La Direction de santé publique de Montréal a fait une demande au gouvernement fédéral afin d’obtenir des thermomètres et des masques pour les distribuer aux voyageurs.

Beaucoup de soulagement

Lundi après-midi, Camille Lavoie était une des premières à franchir cette étape supplémentaire. Une initiative qui a duré moins d’une minute et ne l’a pas importunée. Elle était surtout soulagée d’avoir réussi à revenir d’un voyage de plus d’un mois en Afrique et en Europe.

Les larmes aux yeux, elle a serré fort sa mère, visiblement ravie de retrouver sa fille.

Elle n’est pas la seule à avoir versé une larme en retrouvant un proche après un vol. 

De son côté, Nathalie Bigras a exprimé ses émotions d'une autre façon.
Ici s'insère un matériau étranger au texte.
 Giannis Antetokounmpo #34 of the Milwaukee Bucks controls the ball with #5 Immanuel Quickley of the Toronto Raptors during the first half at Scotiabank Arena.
La professeure à l’Université du Québec à Montréal a plutôt lâché un cri fort et bien senti lorsqu’elle a franchi ce poste de sensibilisation.

« Ç’a été très compliqué de revenir », a confié cette Montréalaise, accompagnée de cinq étudiants avec qui elle était à Grenoble pour collecter des données pour une recherche. Puisqu’ils n’arrivaient pas à trouver des vols en France, ils ont dû se rendre en Allemagne pour prendre un vol jusqu’à Montréal.

« Et quand nous avons vu que l’Allemagne fermait ses frontières [avec des pays voisins], on a eu peur de rester coincé là. »

— Nathalie Bigras, professeure à l’UQAM de retour d’Europe

Nathalie Fortin, de retour du Mexique depuis samedi, avoue n’avoir saisi l’ampleur de la situation qu’à son arrivée à Montréal. « En vacances, dans le tout-inclus, on n’entendait pas parler de tout ça. »

Lundi après-midi, elle était de nouveau à l’aéroport de Montréal, cette fois-ci pour accueillir sa fille, qui était en échange universitaire à Barcelone depuis février dernier. « L’Université McGill lui a dit de revenir », explique-t-elle.

Des agents du Service de police de la Ville de Montréal et des agents de sécurité de la Ville sont présents à ce poste frontalier temporaire pour prêter main-forte aux autorités de santé publique.

Lors de la conférence de presse tenue pour annoncer cette nouvelle initiative lundi matin, la mairesse Valérie Plante a refusé de dire que les mesures annoncées étaient une critique déguisée de l’inaction du gouvernement fédéral dans ce dossier.

« Je respecte l’approche du gouvernement », a dit Mme Plante. Mais pour elle, il est important « d’informer, de détecter et d’isoler » les voyageurs. La mairesse veut que les voyageurs comprennent l’importance de la quarantaine. « Ce n’est pas optionnel. C’est sérieux », a-t-elle dit.

Des employés inquiets

Des agents de bord et des employés qui travaillent dans les commerces de la zone internationale ont dû passer lundi par cette « douane » temporaire. Parmi eux, il y avait Jane Wilkins, vendeuse à un magasin hors-taxes. « Je suis très stressée par la situation », a-t-elle affirmé.

« Nous sommes en première ligne. Chaque fois qu’un voyageur vient dans notre commerce, j’ai juste envie de prendre un pas de recul. Mais on nous force à les servir », a dit la Montréalaise.

« J’ai le sentiment que les employés ont été oubliés. Nous n’avons pas d’autre choix que d’être ici. »

— Jane Wilkins, vendeuse dans un magasin hors-taxes de l’aéroport de Montréal

Selon la directrice des communications de l’aéroport, Anne-Sophie Hamel, des commerces vont « fermer leurs portes temporairement dans les jours à venir ». D’autres évaluent aussi cette possibilité. Déjà, le service de buffet dans les salons VIP n’est plus offert.

« Nous mettrons évidemment tout en œuvre pour collaborer avec eux », a répondu par courriel Anne-Sophie Hamel.